• [Assignment]: Please, could you print all the lines below exactly, leaving out the pictures?

• [Recorded data]:
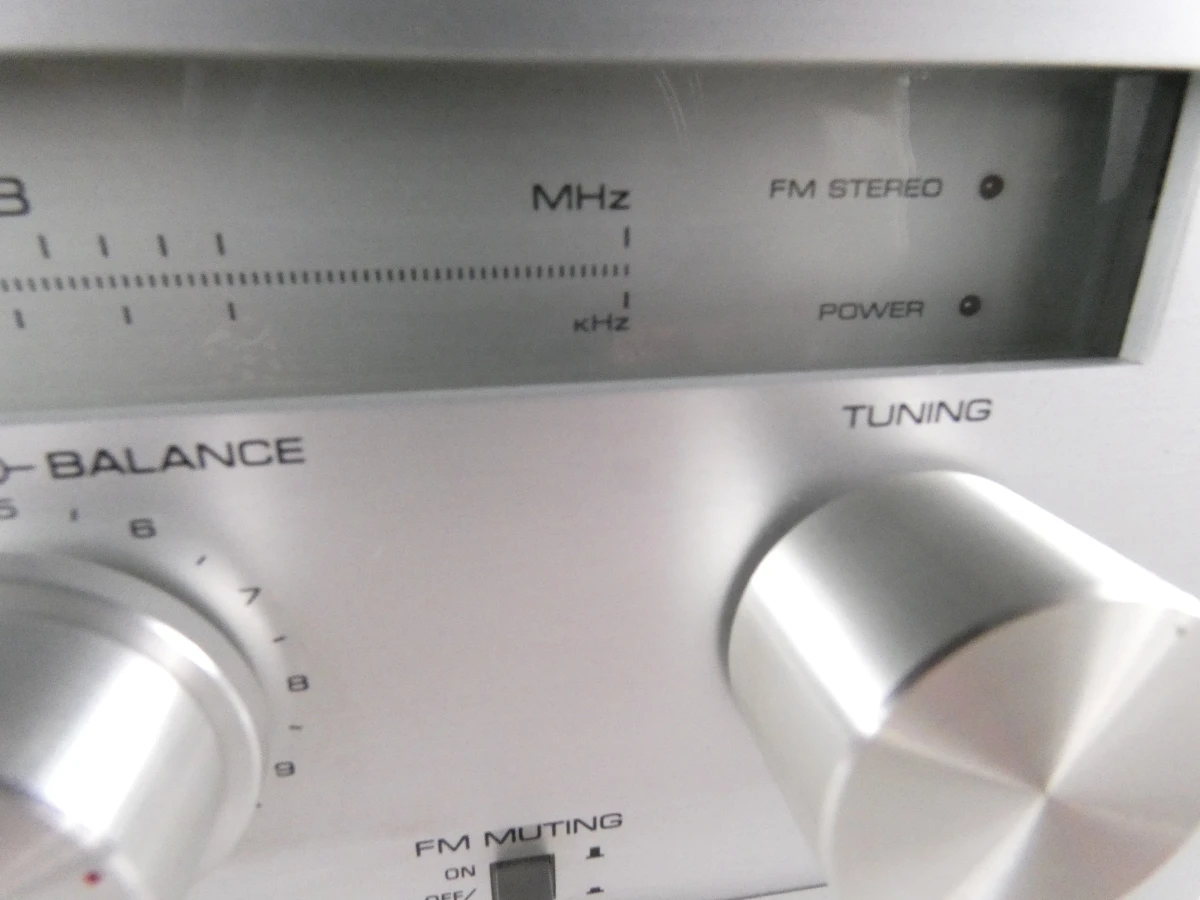 Yamaha CR-620 Stereo Receiver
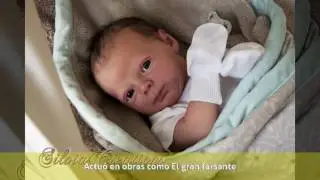Silvia Infantas - Biografía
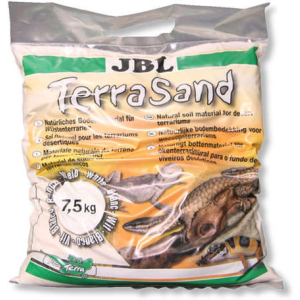 JBL TerraSand fehér terrárium homok 7.5 kg
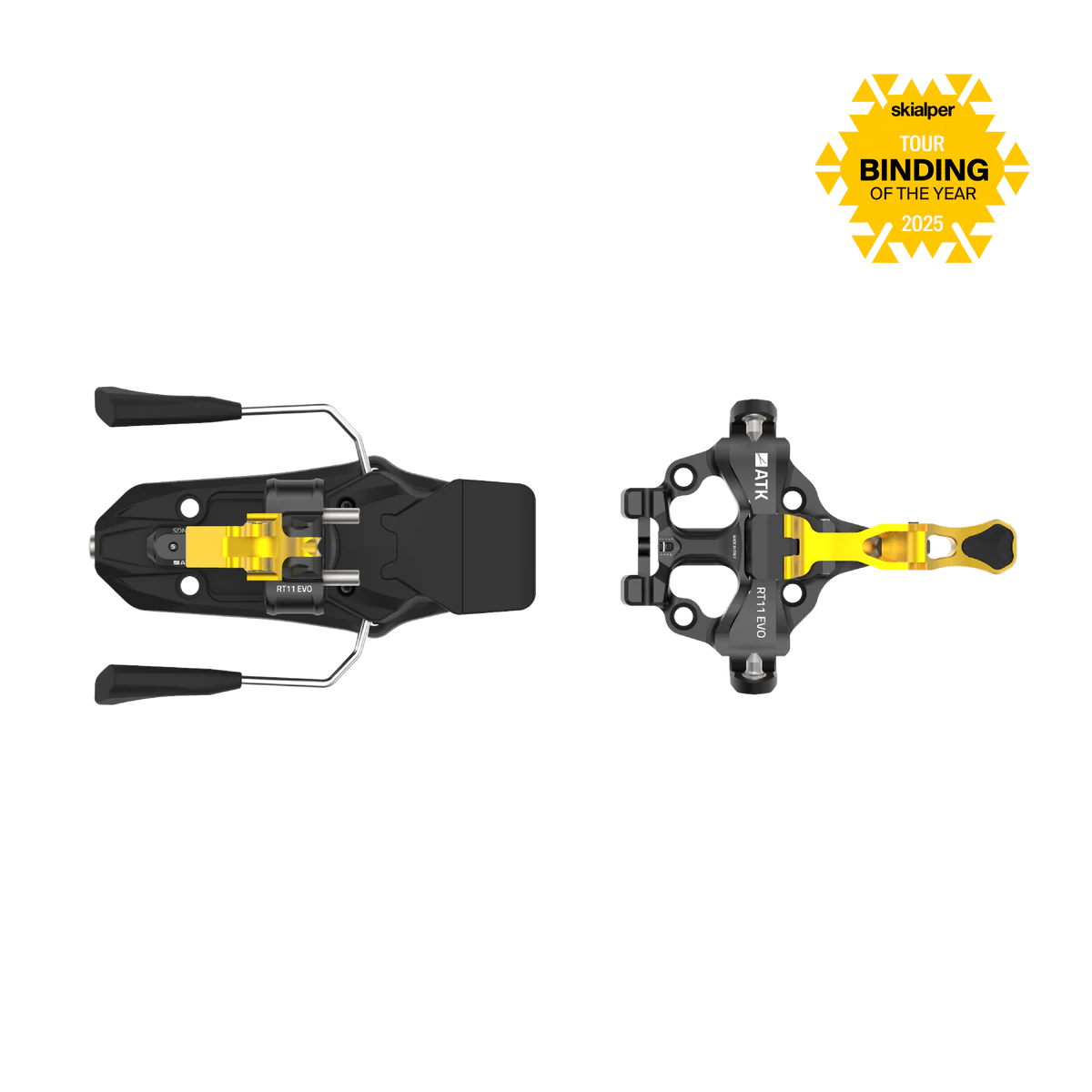 RT 11 EVO Bindings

• [Response to this task]:
 Yamaha CR-620 Stereo Receiver
Silvia Infantas - Biografía
 JBL TerraSand fehér terrárium homok 7.5 kg
 RT 11 EVO Bindings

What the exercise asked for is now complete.